Palavra recorrente nas redes sociais: desapego. Perdi as contas de quantas vezes a li, escrita por amigos, familiares, conhecidos. Invariavelmente, colocada da seguinte forma: "- Vou praticar o desapego". Ou, para os menos enfáticos, "- Preciso aprender a praticar o desapego". Tenho certeza que não estou sozinho nesse voyeurismo dos desapegados virtuais.
Eu até gostaria de ser mais desapegado. Dos meus livros de infância, de brinquedos que guardo sobre o guarda-roupa, de camisetas e bermudas que não cabem mais e insisto em manter nos cabides. Queria desapegar da minha velha TV Xuxa Cineral, que há pouco completou 15 anos; de sapatos e tênis surrados que insistem em ser confortáveis. Disso sim, dá pra desapegar.
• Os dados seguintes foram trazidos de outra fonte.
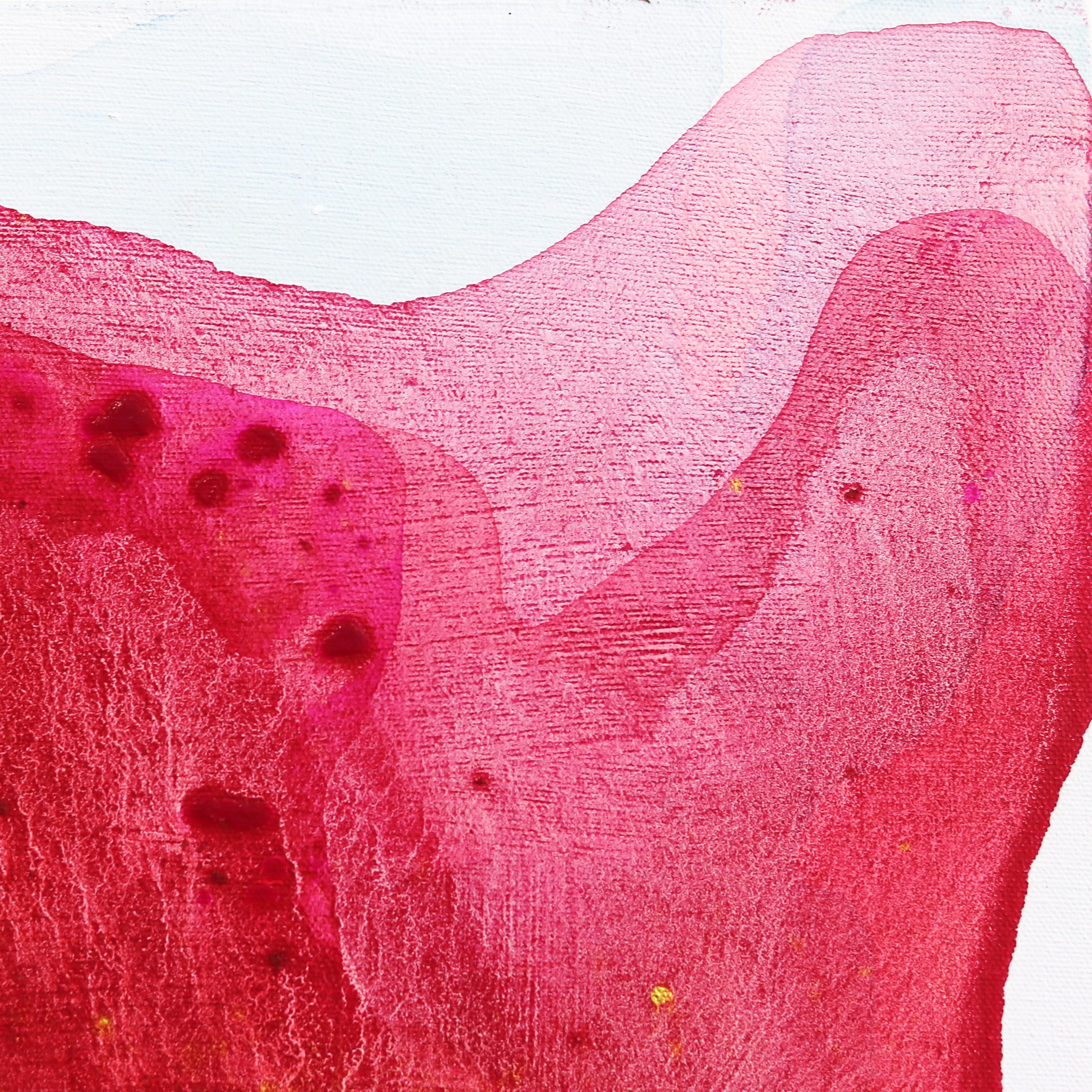 Crimson Elegance - Original Minimalist Rot auf Weiß Abstrakte Zeitgenössische Kunst im Angebot 1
Mas daí a dizer que quero desapegar de gente, não, não dá. Posso estar mais distante, telefonar menos, passar semanas (até meses) sem dar notícias. Mas de gente que eu gosto, não desapego. Mesmo que me faça raiva, que me irrite, que de uma hora para a outra eu a deseje morta. Desapegar? Não, isso já é demais! Preciso da chama que elas me acendem (por amor ou por ódio), aqui no peito, mesmo que em invernos de relacionamento mais pareça uma fagulha em meio à lenha já ardida.
Essa história de "praticar desapego" não tem fundamento. Primeiro, porque - penso eu! - se você chega a externar esse desejo de não apegar-se a alguém, ao mesmo tempo está mandando um recado claro: há algo que lhe incomoda, mas mesmo assim o afeto é maior. Ao bradar ao vento esse desejo de romper o elo, o desejo íntimo é, mais e mais, que o elo se fortaleça. Que os laços não se rompam. Uma coisa meio psicologia às avessas.
É como dizer "- Te odeio, não me ligue nunca mais" num término apaixonado de namoro. É claro que você quer ver a outra pessoa te telefonando e implorando seu amor! Quem nunca usou dessa tática e depois passou algumas horas agarrado ao celular esperando um sinal de vida? Se o aparelho soa, o mundo revive. Caso contrário, é hora de entrar na fase do rancor, das indagações e do súbito desejo de ver-se livre daquele sentimento. Mas ele está lá, inegavelmente. E essa luta costuma ser longa...
Dizer que vai praticar o desapego é apegar-se às memórias. Àquilo que se cultiva de mais gostoso de uma situação vivida com alguém. E, vai dizer que não?, qualquer pessoa só tenta se livrar do que é bom diante do medo de que a sua lembrança seja esquecida pelo outro lado da história.
No fim, o que se busca não é o desapego. É lembrar àquela pessoa que você ainda existe. Um remédio para o amor próprio.